The heath hen’s story of decline and extinction has become inextricably linked to Martha’s Vineyard — so much so that discussions about de-extinction have centered on whether the heath hen could be brought back to the Island. The last heath hen died on the Vineyard around 1932.
But when the heath hen flourished as a species, the Vineyard was just one of many places the bird lived. It was only in its extirpation elsewhere and ultimate extinction that the heath hen’s story converged with the Vineyard.
The heath hen is in the prairie chicken family. It was said to be roughly the same size and shape as a chicken, and was once abundant along the eastern seaboard. By the mid 19th century, the population existed only on the Island.
Sometimes spelled in old Gazette stories as heathen, the bird was said to have bright orange-colored air-sacs on each side of its neck that inflated to be about the size of a tennis ball during a mating dance.
A 1906 account by Dr.
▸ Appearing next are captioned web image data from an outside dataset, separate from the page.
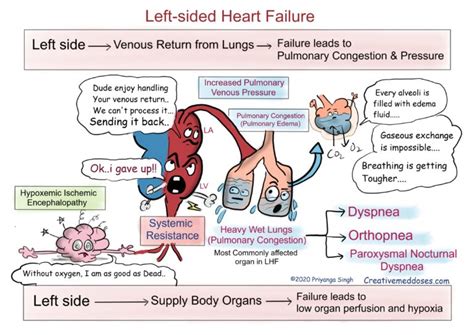 Heart Failure: Left sided VS Right sided - Creative Med Doses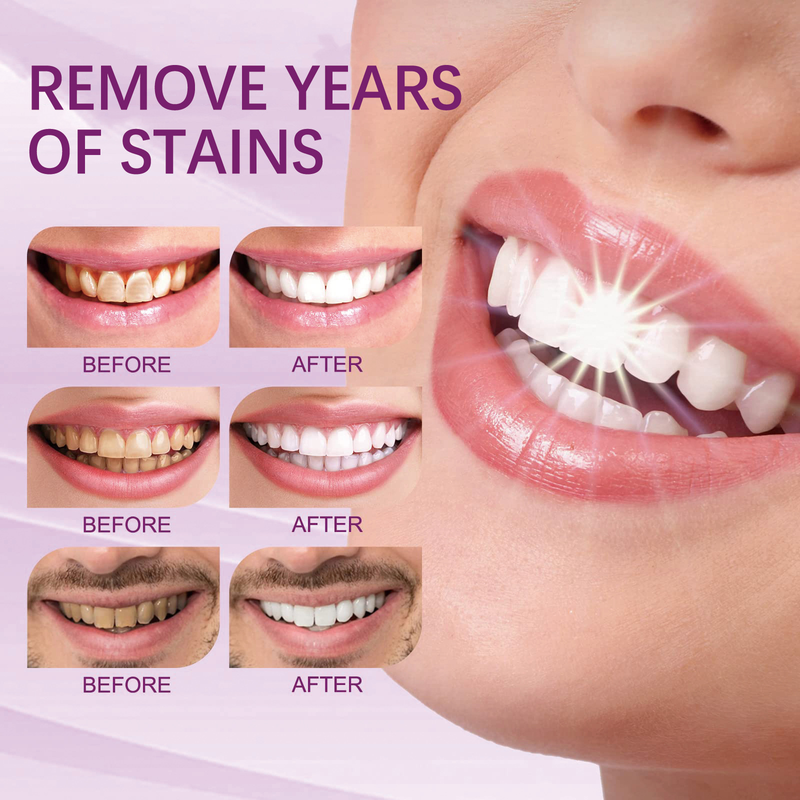 EELHOE V34 Teeth Whitening Toothpaste Cleans Teeth Stains, Cares for Gums, Whitens Teeth, Oral Care Toothpaste_voghion.com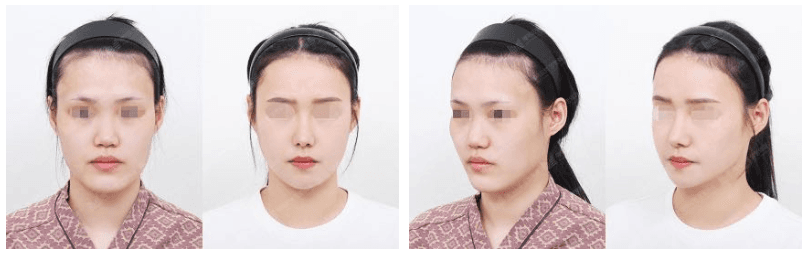 cost square jaw surgery korea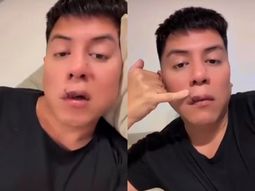 Mariano de la Canal fue mordido por un perro en la cara: así mostró cómo le quedó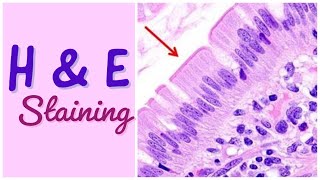 H amp E staining  Hematoxylin amp Eosin staining [upl. by Soirtemed719]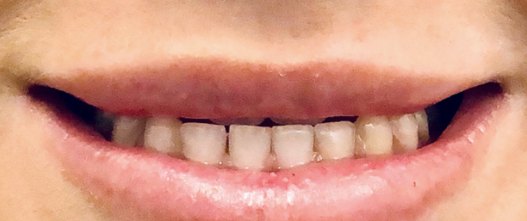 Before: 10 upper zirconia crowns to correct the bite and raise the smile line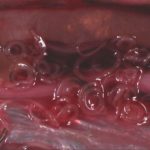 Опасные паразиты в печени человека: первые симптомы и лечение 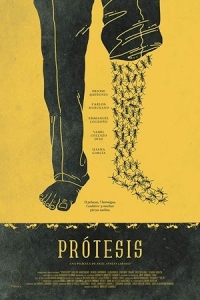  Протез 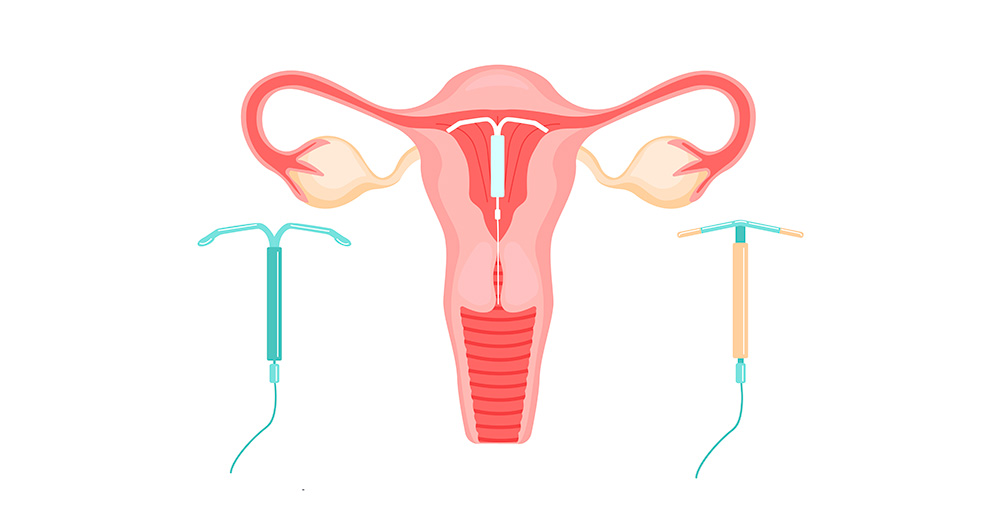 Hormonlu spiral takılması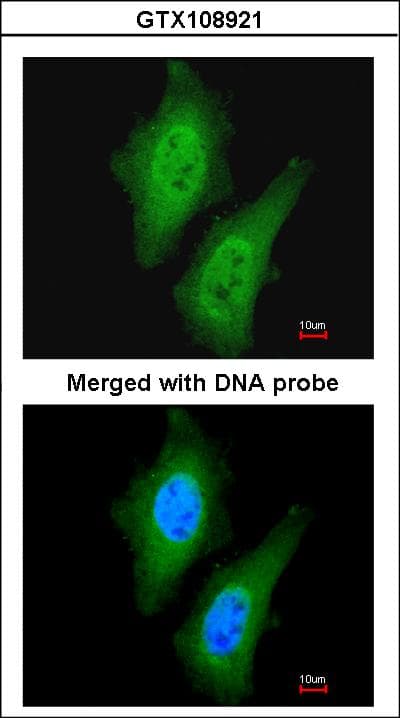 STKLD1 / SgK071 Antibody (aa438-614)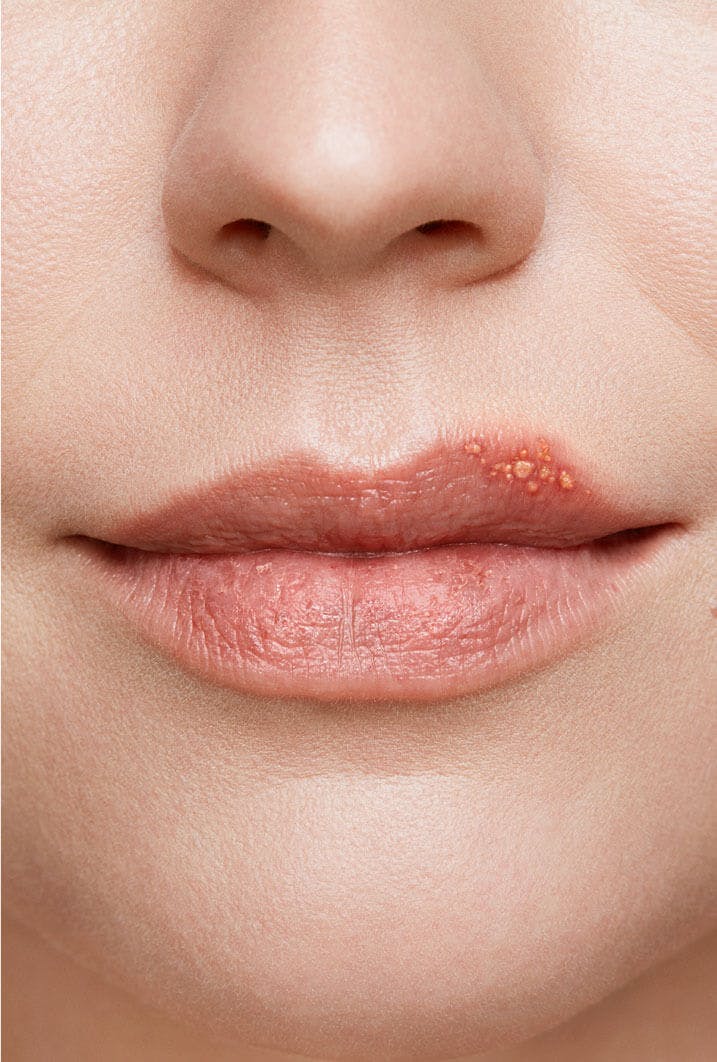 cold sore on woman's lip stage 2 blister stage close up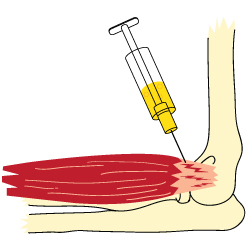 What is tennis elbow?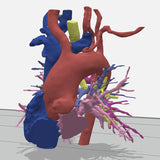 Pulmonary Atresia (Patent Ductus Arteriosus) - Female, 9 Years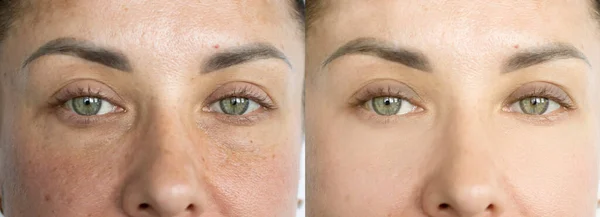 Woman Eyes Wrinkles Treatment — Stock Photo, Image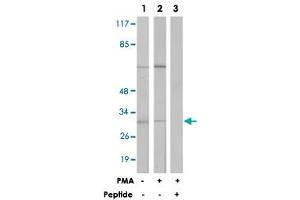 Western blot analysis of extracts from LoVo cells (Lane 1) and Jurkat cells (Lane 2 and 3) treated with PMA (125 ng/mL, 30 min), using MARCKS polyclonal antibody . (MARCKS antibody  (Ser162.))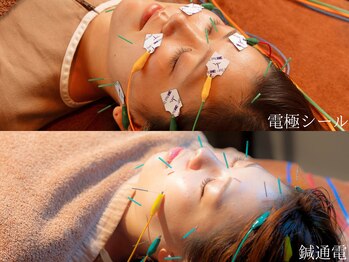 カラダキュア 東京銀座の写真/カラダキュアは美容鍼だけじゃない!電気美容鍼/小顔矯正/お顔リンパ/アイヘッド/美容灸などで満足度◎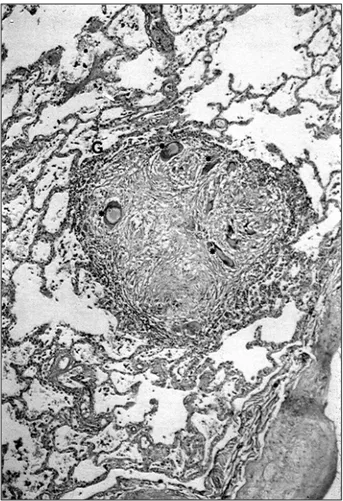 Fig. 3 - Meninge: micobacteriose. Presença de inúmeros bacilos álcool-ácido resis- resis-tentes (setas) em meio ao infiltrado inflamatório misto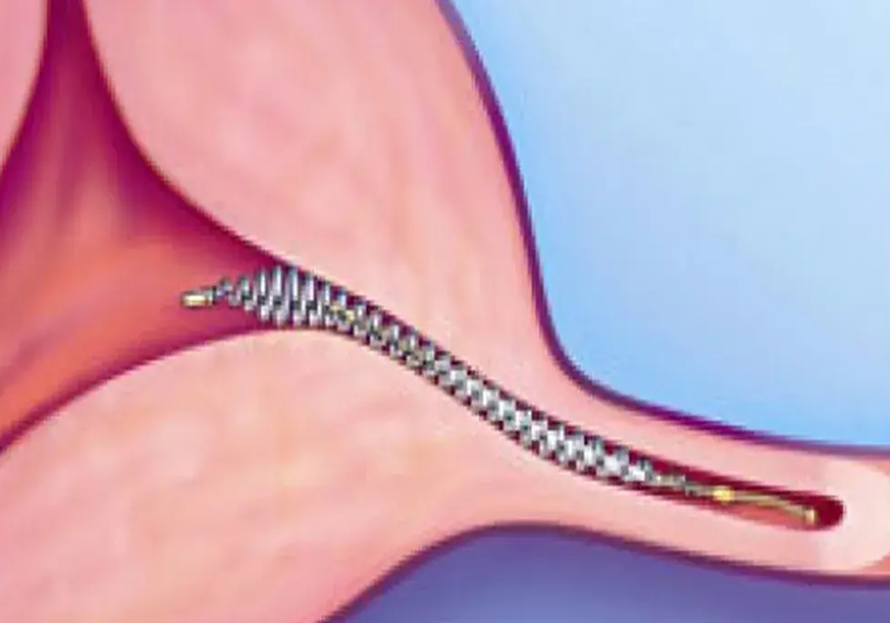 Essure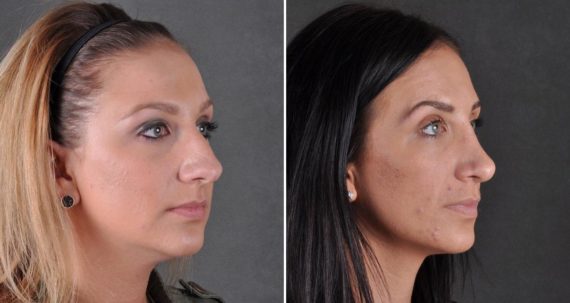 Rhinoplasty Before and After Photos in Omaha, NE, Case 9488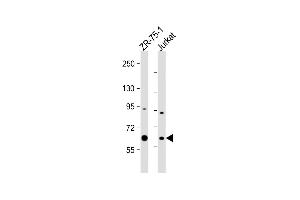 All lanes : Anti-M1D Antibody (Center) at 1:1000 dilution Lane 1: ZR-75-1 whole cell lysate Lane 2: Jurkat whole cell lysate Lysates/proteins at 20 μg per lane. (PPM1D antibody  (AA 183-212))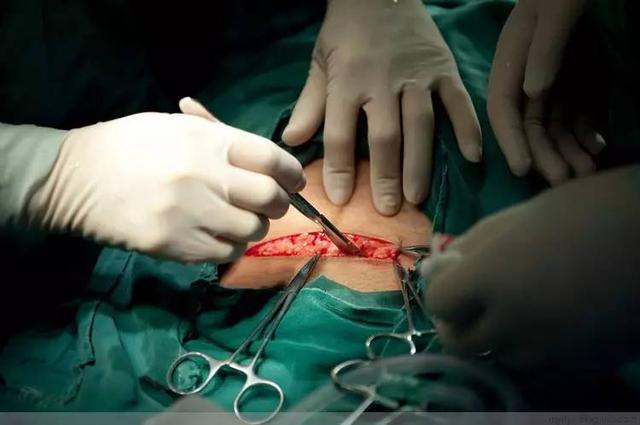 直击剖腹产过程现场触目惊心的100张照片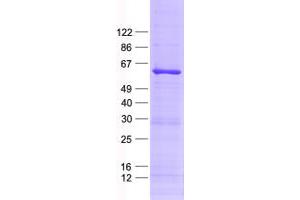 Validation with Western Blot (TADA2L Protein (His tag))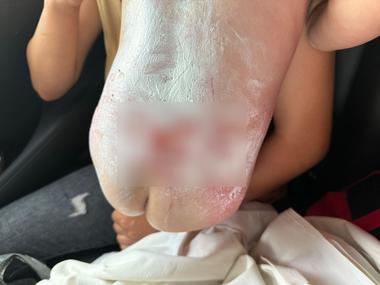 Copil de un an din judeţul Iaşi, adus cu elicopterul SMURD la spital după ce a căzut într-un vas cu apă fierbinte. A fost afectată un sfert din suprafaţa corpului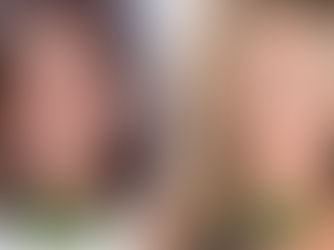 Jennifer Aniston Rhinoplastik vor und nach Gesichtstransformation zeigt subtile Nasenformung über die Jahre – ikonische Prominenten-Nasenoperation und Schönheitsoperationsreise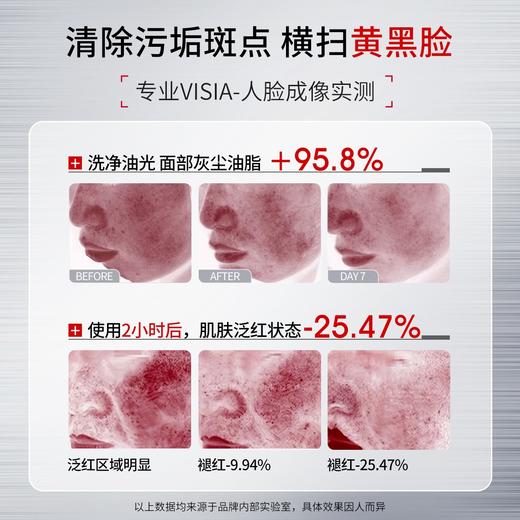 拥有“美白祛斑特证”！【JOSUR--洗卸护多合一美白洁面膏】氨基酸表活配方护肤 美白祛斑/控油保湿/舒缓修护/温和深净 7大功效深层清洁肌肤毛孔 让你越洗越白净！ 商品图7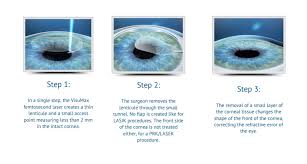 Smile eye surgery procedure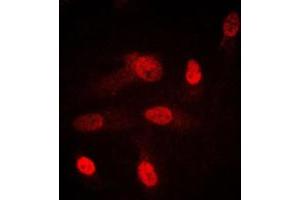Immunofluorescent analysis of SGK1/2 staining in HeLa cells. (SGK1/2 (Center) anticorps)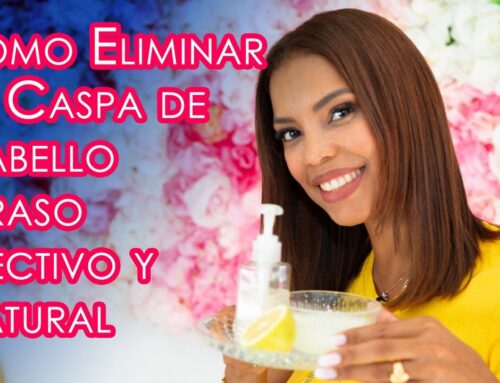 Como Eliminar La Caspa de Cabello Graso, Remedio Natural, Efectivo y Economico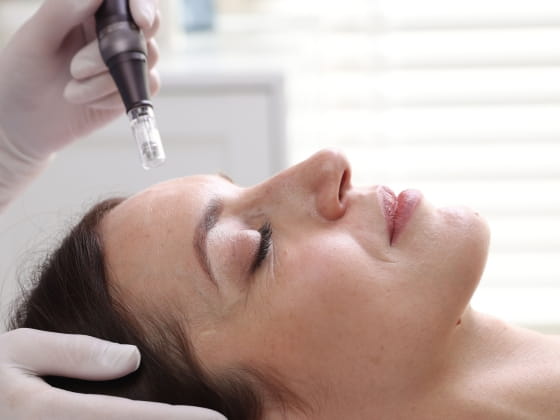 Beyond-the-Treatment-Why-Aesthetic-Procedures-Need-Microbiome-Support-Esse-Microbiome-Skincare-Mar2026-Blog-Banner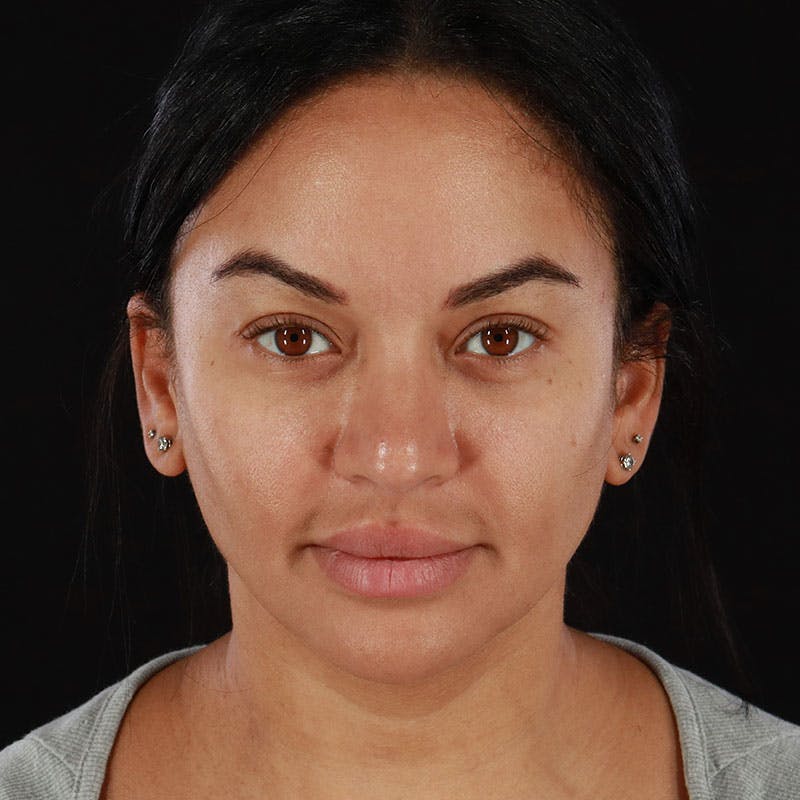 Botox/Dysport/Jeuveau Before & After Gallery - Patient 188515386 - Image 5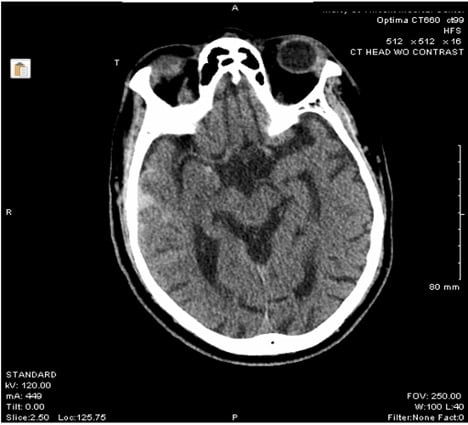 48-4 Unusual Tachycardia Image 1.jpeg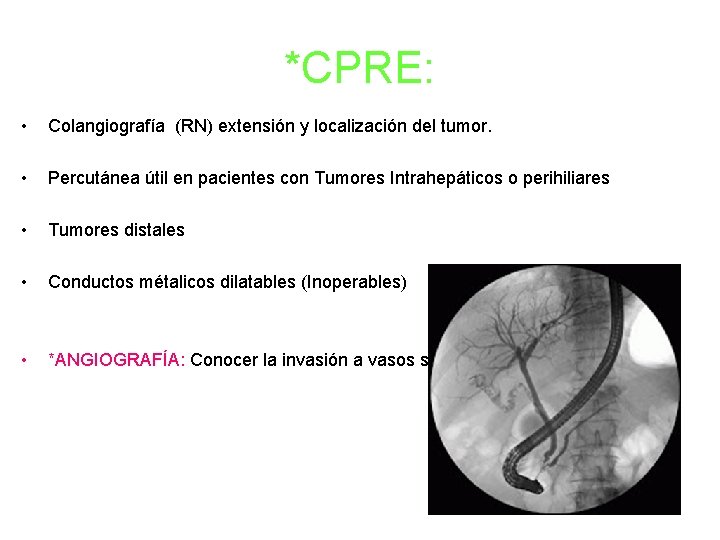 *CPRE: • Colangiografía (RN) extensión y localización del tumor. • Percutánea útil en pacientes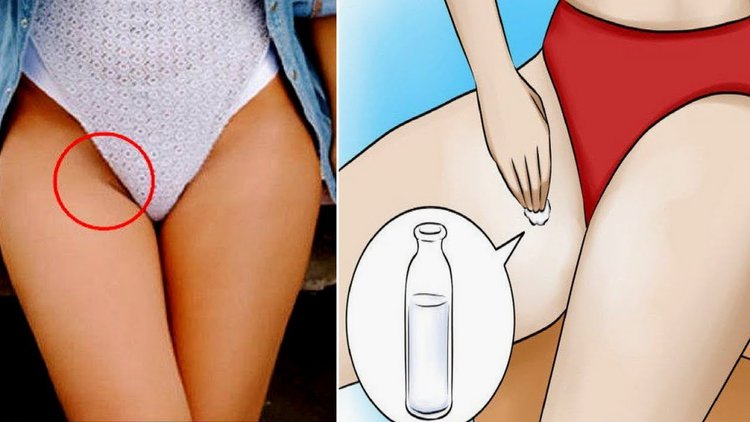 Irritações nas Coxas Durante o Verão Irritações nas Coxas Durante o Verão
George W. Field described the heath hen feeding in an open field on grasshoppers and red clover leaves and displaying “a most interesting series of antics.”
“Frequently two birds, sometimes as much as 100 to 150 yards apart, ran directly toward each other, dancing and blowing on the way, with so-called ‘neck-wings’ pointed upward in V form.”
They frequently returned to the same grounds. “The heath hen, like other species, has an ingrained habit of returning to its ancestral mating ground in the spring,” the Gazette reported in 1929.
The heath hen seems to have made a mating call, a tooting sound described variously as distant tugboats in a fog, wail of the wind spirit, and a blowing in the neck of a bottle that carries further than a gunshot.
As the population became perilously small, efforts began to protect the bird. In 1906, a bill went through the legislature that made it illegal to hunt, kill, buy, sell or otherwise dispose of a heath hen. Violators were subject to fines of $100 per bird.
In 1908, 600 acres of land were purchased for a heath hen preserve. The land ultimately grew larger and became the Manuel F. Correllus State Forest.
The superintendent of the forest, Allan Keniston, was said to keep a careful watch and make daily reports about the heath hen, providing food for the birds and offering $100 to anyone who could guide him to a spot where there were at least three birds.
The Rod and Gun Club had a heath hen committee devoted to the issue. There was debate about what to do, and at times heated argument.
The birds were apparently at their height in 1916, with as many as 800 counted and an estimate of 2,000 made by the warden in charge. The population then rapidly declined to 314 in 1920, 75 in 1922, and 17 in 1924, which was the last year there were any young. By the autumn of 1927 there were seven, all male.
A male nicknamed Booming Ben was considered the only heath hen as of Dec. 8, 1928.
Booming Ben hung on, and was observed over the next few years from a blind at James Green’s farm in West Tisbury. In 1931 the bird was banded and found to be free of parasites. He was in “fine condition and offered tough resistance to the encroachment of science,” the Gazette wrote. “He is aiding the cause of conservation, directing attention to the need for protecting the dwindling species of other valuable creatures and making people think in a way they have never happened to think before of the great unprotected world of birds.”
A Gazette editorial said: “There is no other single bird so famous as this heath hen of ours. He has become a foremost citizen of Martha’s Vineyard and our hopes accompany him from month to month and year to year.”
There was an attempt at introducing Wisconsin prairie chickens to the Island to give Booming Ben companionship, and perhaps to allow him to breed. The state refused the permits.
Booming Ben was last seen in the spring of 1932 at the Green Farm in West Tisbury. His body was never found.
Speculation about the cause for extinction was varied, according to Gazette archives.
One possible cause was fire. It is said that female heath hens would not leave their nests, and instead guarded their young only to die along with them. A May 1916 fire burned between 11,000 and 13,000 acres, the Gazette reported, and killed about a tenth of older heath hens and all of the year’s young.
The heath hen faced predators including hawks and cats. The inadaptability of the species was cited, as was excessive interbreeding that led to sterility (the Gazette thoroughly documented the last heath hen’s mating efforts, but also noted he was thought to be sterile).
Disease could have been another factor, including blackhead and dispharaynx, a parasite that was said to be the cause of death of an adult heath hen. Disease would have spread easily among the congregating birds.
In 1926, the Gazette noted the heath hen’s importance to the Island. “Along with the various natural attractions and features of interest, Martha’s Vineyard possesses two which are unique in the respect that nothing resembling them can be found anywhere else on earth. These two are the cliffs of Gay Head and the little, brown heath hen.”